2 1, solution: see the figure below (1)AB=AE, BE = AB-AE = 0;

(2)ae=ad/cosa=[ac/cos(π/4-a)]/cosa=ac/cosacos(π/4-a)=4√2/[cos^2a+( 1/2)sin2a);

ae'=-4√2[2cosa(-sina)+cos2a]/[(cos^2a+( 1/2)sin(2a)]^2

=4√2[sin(2a)-cos(2a)]/[cos^2a+sin(2a)]^2=0; Namely:

sin(2a)-cos(2a)= √{[ 1-cos(4a)]/2 }-√{[ 1+cos(4a)/2 }

= { √{[ 1-cos(4a)]/2 }-√{[ 1-cos(4a)/2 } } { √{[ 1-cos(4a)]/2 }+√{[ 1-cos(4a)/2 } }/{ √{[ 1-cos(4a)]/2 }+√{[ 1+cos(4a)/2 } }

=(√2/2){[ 1-cos(4a)]-[ 1+cos(4a)}/{ √[ 1-cos(4a)]+√[ 1+cos(4a)]]

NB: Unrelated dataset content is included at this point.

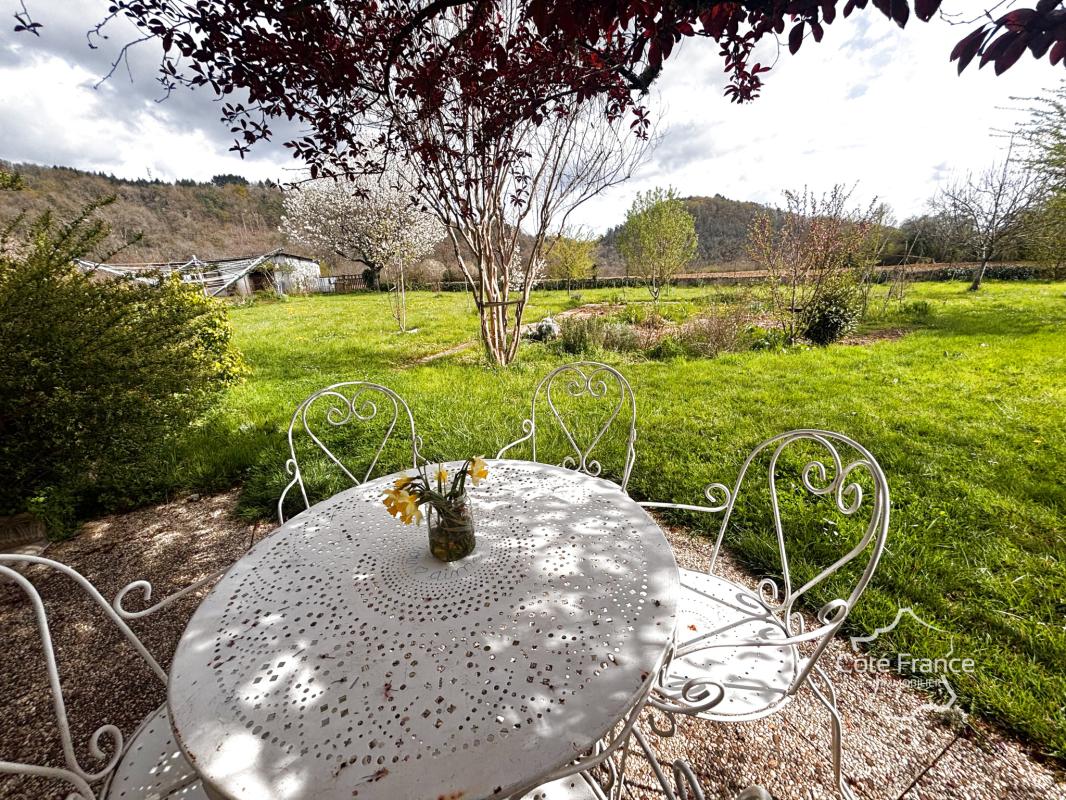Charmante maison renovée avec beau jardin à St. Etienne-de-M - Photo 4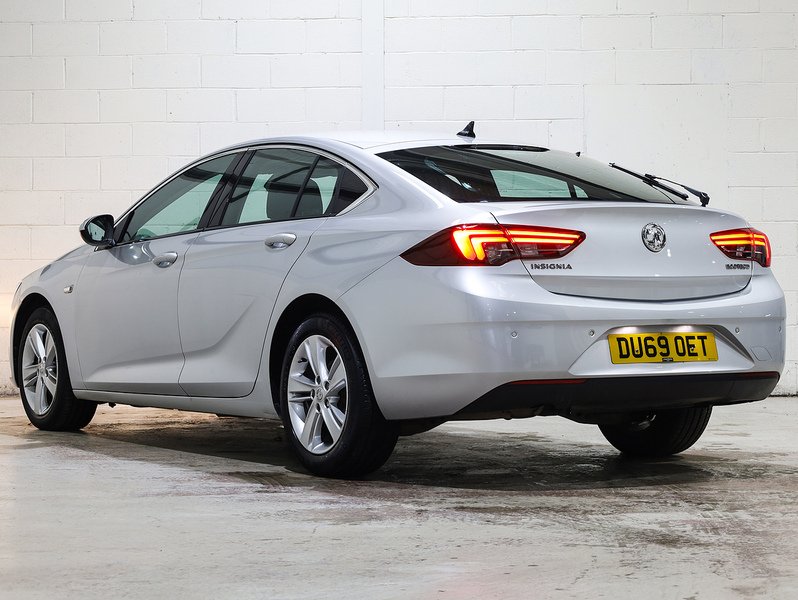 Used Vauxhall Insignia 2019 for sale - 76496953: Photo 2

=-√2 cos(4a)/{ √[ 1-cos(4a)]+√[ 1+cos(4a)]} = 0; 4a=π/2。 ? a=π/8

aemin=4√2/[cos^2(π/8)+( 1/2)sin(π/4)]=4√2/{[ 1+cos(π/4)]/2+( 1/2)sin(π/4)]}

=4√2/[( 1+√2/2)/2+( 1/2)(√2/2)]=8√2/[( 1+√2]=8(2-√2)。